Find kth smallest pair sum with heaps
Company: Meta
Role: Machine Learning Engineer
Category: Coding & Algorithms
Difficulty: Medium
Interview Round: Onsite
Quick Answer: This question evaluates algorithmic problem-solving and complexity-analysis skills, focusing on efficient selection from two sorted arrays while handling duplicate sums and boundary conditions; it belongs to the Coding & Algorithms domain.
Constraints
- 1 <= n, m
- 1 <= k <= n * m
- A and B are sorted in nondecreasing order
- All elements of A and B are non-negative integers
- Do not generate all n*m pair sums explicitly
Examples
Input: ([1, 7, 11], [2, 4, 6], 3)
Expected Output: 7
Explanation: All pair sums sorted: [3, 5, 7, 9, 11, 13, 13, 15, 17]. The 3rd smallest is 7 (= 1 + 6).
Input: ([1, 1, 2], [1, 2, 3], 1)
Expected Output: 2
Explanation: k=1 boundary: the smallest sum is A[0] + B[0] = 1 + 1 = 2.
Input: ([1, 2], [3], 2)
Expected Output: 5
Explanation: Sums are [4, 5]; the 2nd smallest is 5 (= 2 + 3).
Input: ([0, 0], [0, 0], 4)
Expected Output: 0
Explanation: All four pair sums equal 0; duplicates count with multiplicity, so the 4th smallest is still 0.
Input: ([1, 7, 11], [2, 4, 6], 9)
Expected Output: 17
Explanation: k = n*m = 9 boundary: the largest pair sum 11 + 6 = 17.
Input: ([5], [10], 1)
Expected Output: 15
Explanation: Single element each: the only sum is 5 + 10 = 15.
Input: ([2, 4, 6], [1, 3, 5], 6)
Expected Output: 7
Explanation: Sums sorted: [3, 5, 5, 7, 7, 7, 9, 9, 11]. The 6th smallest is 7, showing ties are counted individually.
Hints
- The smallest pair sum is always A[0] + B[0]. The next smallest is one step right in either array — this 'frontier' is exactly what a min-heap tracks efficiently.
- Seed the heap with one entry per row of the SHORTER array: (smaller[i] + larger[0], i, 0).

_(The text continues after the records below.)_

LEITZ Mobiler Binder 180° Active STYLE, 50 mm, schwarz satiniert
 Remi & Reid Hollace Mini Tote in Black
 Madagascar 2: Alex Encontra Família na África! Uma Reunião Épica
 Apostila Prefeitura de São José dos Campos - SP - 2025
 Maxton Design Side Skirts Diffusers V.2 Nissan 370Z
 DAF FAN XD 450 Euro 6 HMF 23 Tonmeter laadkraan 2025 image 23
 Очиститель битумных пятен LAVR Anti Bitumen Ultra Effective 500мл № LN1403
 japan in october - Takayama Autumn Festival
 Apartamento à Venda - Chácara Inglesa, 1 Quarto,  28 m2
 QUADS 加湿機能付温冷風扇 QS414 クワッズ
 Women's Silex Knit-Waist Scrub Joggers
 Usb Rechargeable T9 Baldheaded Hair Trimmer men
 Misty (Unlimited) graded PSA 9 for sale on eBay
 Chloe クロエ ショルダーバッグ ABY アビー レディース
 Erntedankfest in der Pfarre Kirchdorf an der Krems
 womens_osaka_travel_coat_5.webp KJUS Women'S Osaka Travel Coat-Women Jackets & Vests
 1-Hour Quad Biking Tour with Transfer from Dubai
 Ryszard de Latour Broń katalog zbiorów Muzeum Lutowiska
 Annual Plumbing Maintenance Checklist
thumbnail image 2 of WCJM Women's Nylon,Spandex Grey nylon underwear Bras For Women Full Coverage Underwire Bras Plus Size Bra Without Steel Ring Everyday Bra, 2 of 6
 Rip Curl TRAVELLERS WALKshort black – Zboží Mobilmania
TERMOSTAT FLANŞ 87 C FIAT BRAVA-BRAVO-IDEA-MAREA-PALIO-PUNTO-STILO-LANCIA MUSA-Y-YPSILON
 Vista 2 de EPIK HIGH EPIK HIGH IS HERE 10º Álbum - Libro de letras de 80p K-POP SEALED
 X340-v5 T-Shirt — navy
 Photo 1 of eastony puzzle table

This caps the heap at O(min(n, m)) entries.
- When you pop (sum, i, j), the only new candidate it unlocks is (smaller[i] + larger[j+1], i, j+1). Push it if j+1 is in bounds. Never push a 'down' move, or you would enqueue the same cell twice.
- Duplicate sums count with multiplicity: popping k times naturally handles ties because each (i, j) cell is a distinct heap entry even when sums are equal.